Orang beriman yang punya kekuasaan, baik eksekutif, legislatif atau yudikatif tentu akan takut jika menerima uang dari jin yang biasanya jenis uang haram yang tidak beda jauh dengan uang dari Tuyul.
Namun, karena beriman itu tidak mudah, karena jalannya bisa tergelincir ke radikul, maka agak sulit mencari orang yang beriman dan bertaqwa dengan benar, meskipun setiap shalat jumat di masjid, khatib selalu mengingatkannya.
Harta dan tahta adalah nikmat sekaligus amanat yang akan dipertanggungjawabkan di akhirat. Rasulullah bersabda, “Sesungguhnya setiap daging yang tumbuh dari barang yang haram maka nerakalah yang berhak membakarnya.” (HR Ahmad dan Tirmidzi).

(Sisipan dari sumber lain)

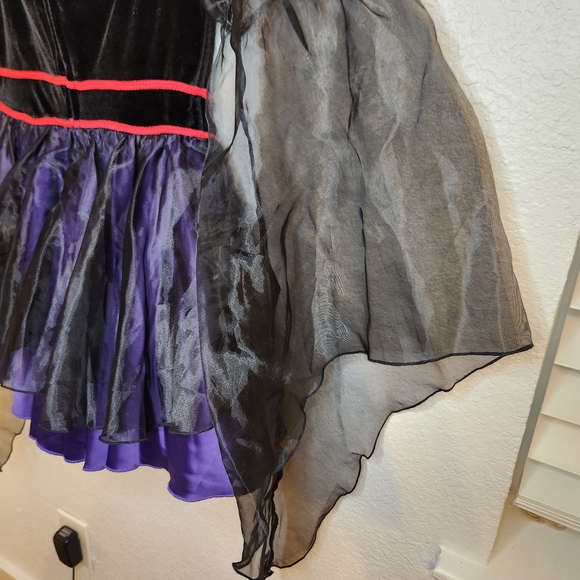 Dolls Kill Trickz N' Treatz evil queen costume One Bad Apple Costume M - Picture 13 of 16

Sedang terkait dengan jabatan: Suatu hari, Abu Dzar berkata, “Wahai Rasulullah, tidakkah engkau menjadikanku (pejabat)? Lalu, Rasul memukulkan tangannya di bahuku, dan bersabda, ‘Wahai Abu Dzar, sesungguhnya engkau lemah, dan sesungguhnya hal ini (jabatan/kepemimpinan) adalah amanah, ia merupakan kehinaan dan penyesalan pada hari kiamat, kecuali orang yang mengambilnya dengan haknya (benar sesuai aturan), dan menunaikannya (dengan sebaik-baiknya).” (HR Muslim).
Uang haram menyebabkan doa tidak dikabul, penyebab hilangnya keberkahan, penyebab kehinaan umat, dan pertanda akan datangnya azab Allah.
Contoh dalam sekala besar tentang hilangnya keberkahan harta adalah bila masyarakat hanya akan memilih calon tertentu dalam pemilu. Pilkada atau pilpres asal calon atau timsesnya memberikan sejumlah uang.
Hilangnya keberkahan buda ditandai dengan uang yang diterimanya cepat habis atau terkadang Allah menghukumnya dengan ditimpa bencana dan malapetaka, seperti banjir, gempa bumi, atau hidup semakin susah, hutang semakin bertambah atau lainnya.
Bisa jadi, teguran Allah berupa penyakit yang diderita si penyuap dan penerima suap. Atau bahkan Allah menghukumnya dengan melihat kebenaran sebagai kebatilan dan kebatilan bagaikan kebenaran.
Firman Allah: “Setan itu memberikan janji-janji kepada mereka dan membangkitkan angan-angan kosong pada mereka, padahal setan tidak menjanjikan kepada mereka selain dari tipuan belaka”. (An Nisa: 120)
Semoga Allah menolong kita untuk bisa melihat yang benar itu benar dan yang salah itu salah.